Les vendeurs sont certes là, de bibelots peinturlurés par des Africains, de bronzes grecs antiques certifiés indonésiens, de nappes et napperons brodés à la machine, etc. mais elles et ils vous abordent avec une sorte de discrétion un peu paresseuse, quand ils ne vous laissent pas carrément venir. Il a fallu que je tâte une à une la moitié au moins des souples ou rêches éponges naturelles brunes et dorées d'un étal déserté de la promenade du port pour qu'un jeune femme en grande conversation avec une copine sur un banc voisin se lève et s'approche: «Ça vous intéresse? Les grandes sont à huit euros, les moyennes à deux... (elle jauge mon sac à dos un peu déglingué) euh, trois pour dix euros.» J'achète, évidemment.
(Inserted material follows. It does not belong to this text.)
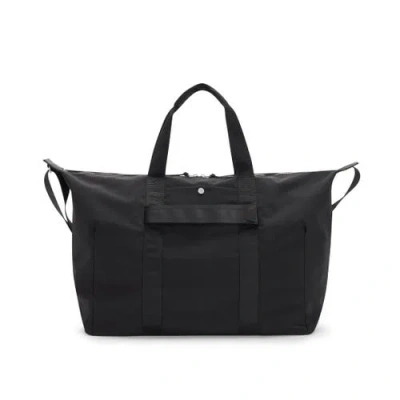 Lojel Niru 48-hour Carry-on Weekender Travel Duffel Bag In Black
En quittant le paquebot, nous avons été interpellés en français teinté de belge par un chauffeur de taxi. «Vous allez en ville?» Paul est effectivement né à Bruxelles d'un père grec qui a fini par ramener sa famille ici et qui vit toujours à près de 80 ans dans un village du sud de l'île, «pêchant chassant pis dansant» comme le Caillou-la-Pierre de Vigneault. Il allait nous promener jovialement pendant plus d'une heure dans la nouvelle (mais jolie) ville de Rhodes et sa périphérie — la Vieille Ville, piétonne et motocyclée, lui est interdite.
Après qu'il nous ait déposés, nous avons commencé par nous perdre non sans plaisir dans les ruelles souvent anonymes voisines de la Porte de Saladin. Mais désespérant de retrouver la taverne renommée de fruits de mer Romios, dont nous avions gardé si bonne mémoire, nous nous sommes bêtement rabattus sur le plus pimpant des restos rencontrés au coin d'une place. Erreur «touristique» par excellence. D'une terrasse aux trois-quarts vide, on nous a placés à la table sans doute la plus venteuse, on nous a servi des ouzos sur glaçon (au singulier) mesurés au microlitre et on nous a proposé une rondelette «cigala» (langouste grecque) de plus d'un kilo pour un prix que n'aurait pas dédaigné le plus chic des écaillers de Paris.
Comme nous hésitions, le garçon est revenu, l'air navré: «Je m'excuse, celle-là vient d'être vendue à une autre table. Mais j'en ai une autre un peu plus grosse... et un peu plus chère?» — «Combien?» — “Seulement 25 euros de plus...» Nous avons mangé du poisson grillé.
Si Azur a bientôt décidé de rentrer à bord digérer son coûteux mais assez correct repas, il en fallait plus pour me décourager. J'ai passé deux bonnes heures à tournicoter dans les dédales du pittoresque quartier juif, autour de la mosquée turque, près de l'église et des rues presque secrètes du voisinage arménien, tous ces vestiges remarquablement vivants d'un passé aussi long qu'hétéroclite et violent. 
Je suis revenu monter la rue «Ippotôn» que longent les sept médiévales auberges (une par pays d'origine) des antiques Chevaliers de Rhodes jusqu'à la place ensoleillée où se dresse la façade du magnifique Château des Grands-Maîtres de l'ordre, que j'avais jadis parcouru d'un bout à l'autre. Je suis repassé devant la venelle de bijoutiers où j'avais acheté pour Azur le premier vrai bijou que je lui offrais au lendemain de ma retraite, une élégante et minimale parure ciselée d'or et de platine — qu'elle n'a que bien rarement portée avant d'en casser récemment le collier.
Et comme la première fois, je suis remonté à bord en me disant qu'une seule journée ici, ça ne suffit pas, qu'il faut absolument que nous revenions un jour y passer au moins deux semaines de vacances.... Oui, mais quand?